と、苦笑していますが、対戦する打者にすれば、まことにやっかいだとか。ひざの高さに見えるボールが、いざ打つ、という段になると、顔の高さへ浮き上がってくる。魔球です。牧田獲得を密かに狙っていたのが、巨人。8月からスカウトが熱投を見守り続けた。セ・リーグにはいないタイプで、トレードが実現すれば、かなりの戦力になると見込んだのでしょう。しかし、牧田はメジャー挑戦の意志が固い。静観するしか手がありません。

大学、社会人を経て、2010年のドラフト2巡目で西武へ入団。翌11年には新人王を獲得しました。スポットを浴びたのは13、17年のWBC。強打者をきりきり舞いさせています。特に、セットアッパーとして、これほど頼りになる投手はいません。「フリスビーを投げるようだ」と話題になった。

「ロッカールーム、トレーニング設備など、とにかく素晴らしい。アメリカの空気まで、勉強になりました」

と目を輝かせています。

32歳。本人がラストチャンスと語るのは、ドジャースへ移籍した黒田が33歳だった影響もあるでしょう。横浜から移籍した斎藤隆は36歳でしたが、早ければ早い方がいい。

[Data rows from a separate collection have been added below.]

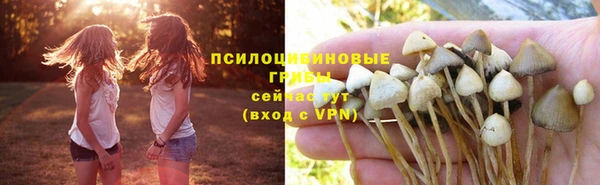 spice Алексеевка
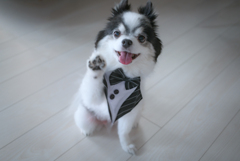 お手？犬パンチ？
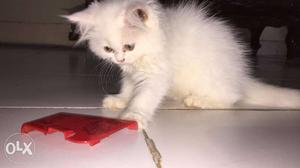 Persian cat 2 months kitten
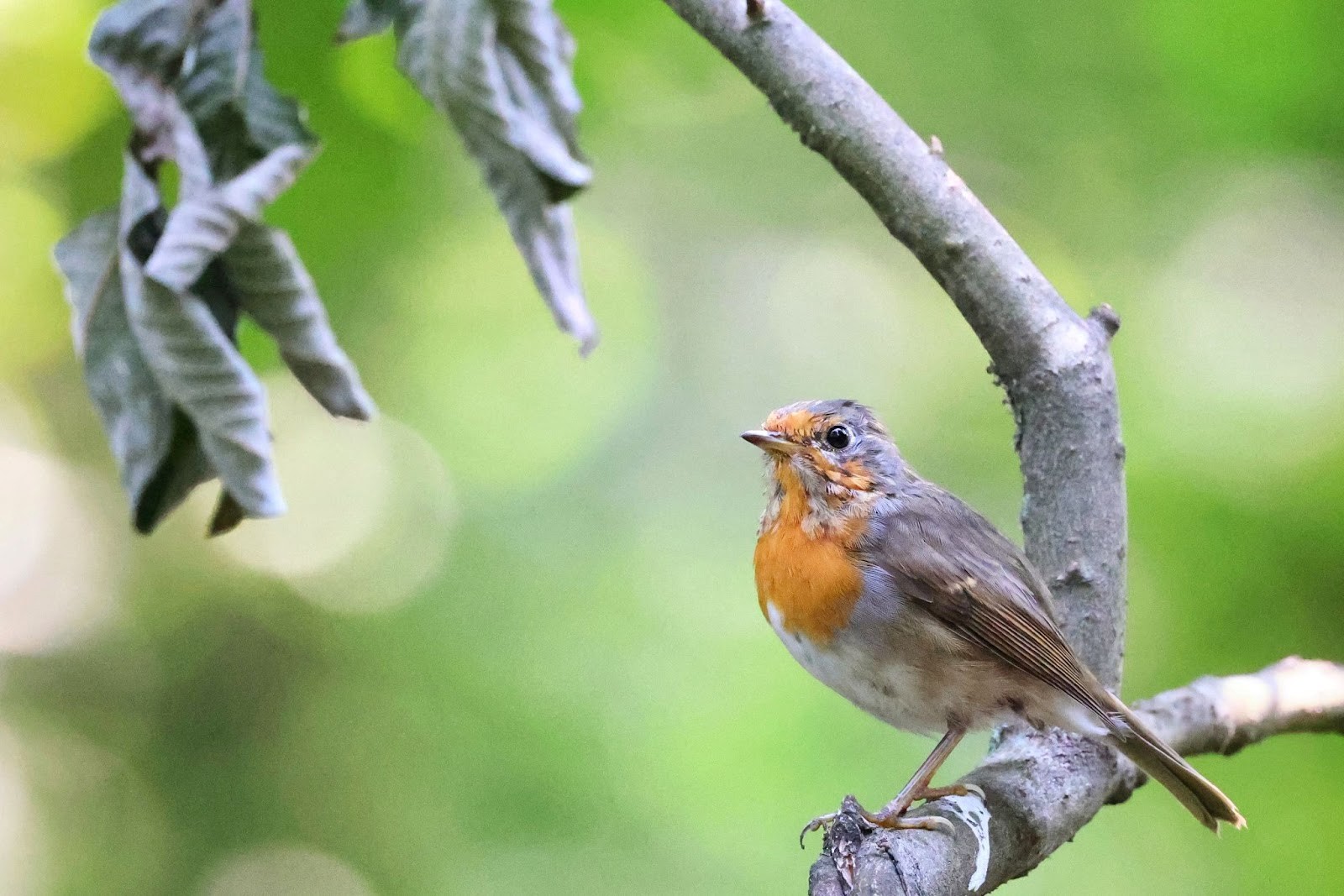 Возвращение птиц весной 11.jpg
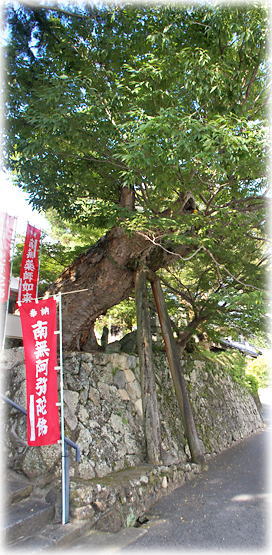 画像:阿弥陀寺のケヤキ 画像:阿弥陀寺のケヤキ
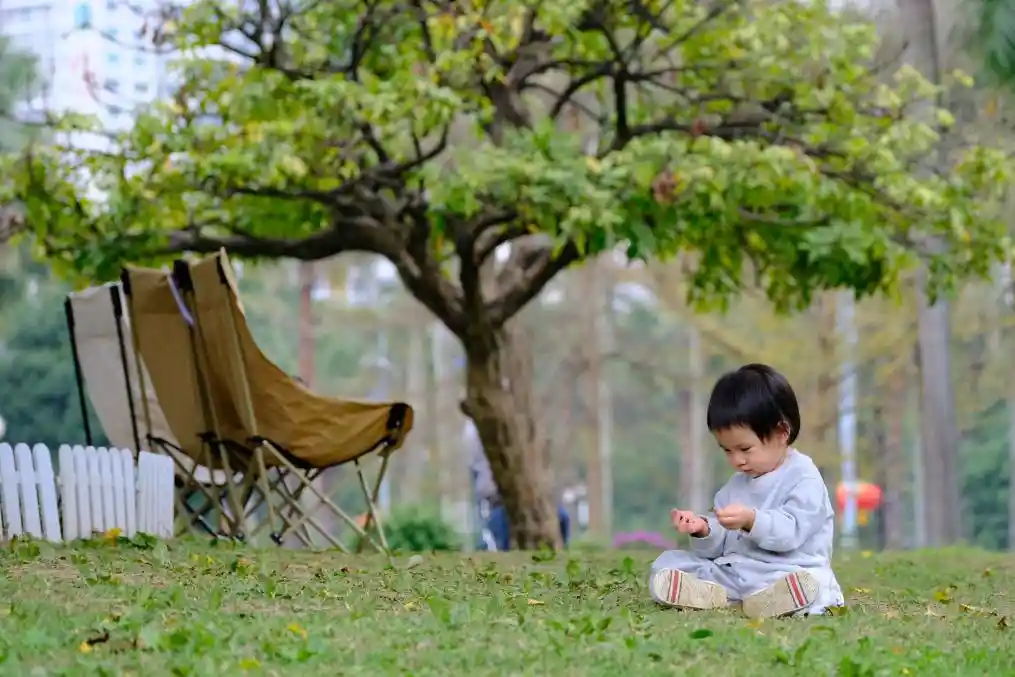 四季如春，这座城人间四月天全年绽放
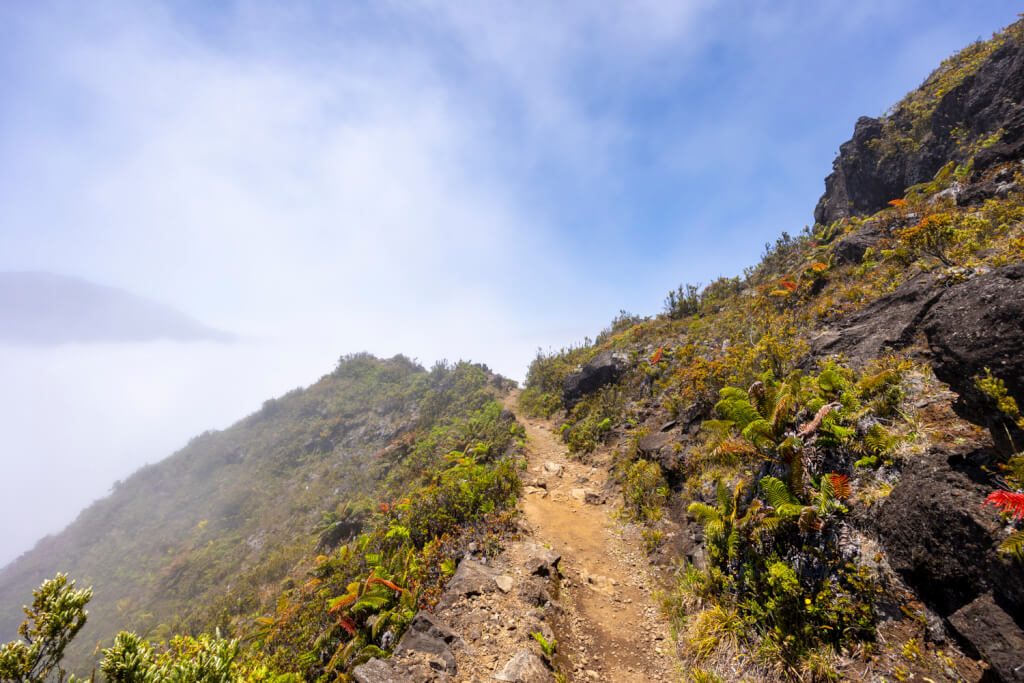 Day of Hiking in Haleakalā National Park - Halemau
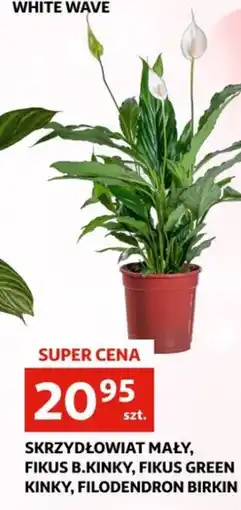 Auchan Skrzydłokwiat mały oferta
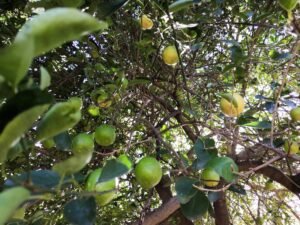  Limão-Taiti para a Saúde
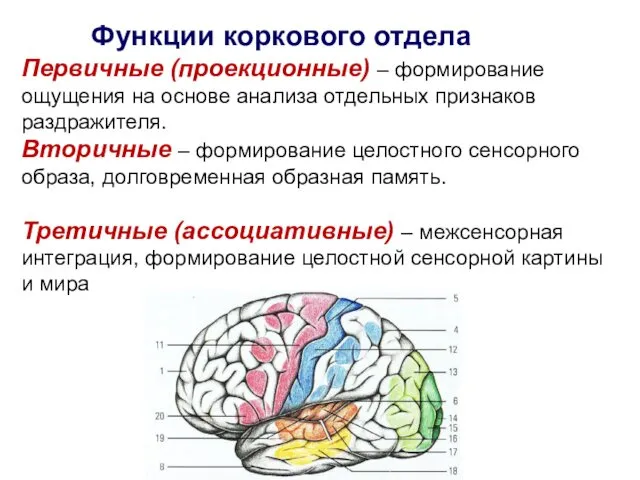 Функции коркового отдела Первичные (проекционные) – формирование ощущения на основе анализа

1920年、アンダースローのヤンキース、カール・メイズからインディアンスのレイ・チャップマンが頭部へ死球を受け、翌日、死亡するという悲しい出来事がありました。以来、MLBではアンダースローは危険な投法の評価が確立され、いなくなったと言われます。

13年から続いた、日米のポスティングシステムは10月31日で終了。もっか、新しい内容を構築するため交渉が続いています。果たして、まとまるのは、いつになるか。球団は容認しても、これからが問題。牧田に興味を示しているチームは複数あるそうですが…。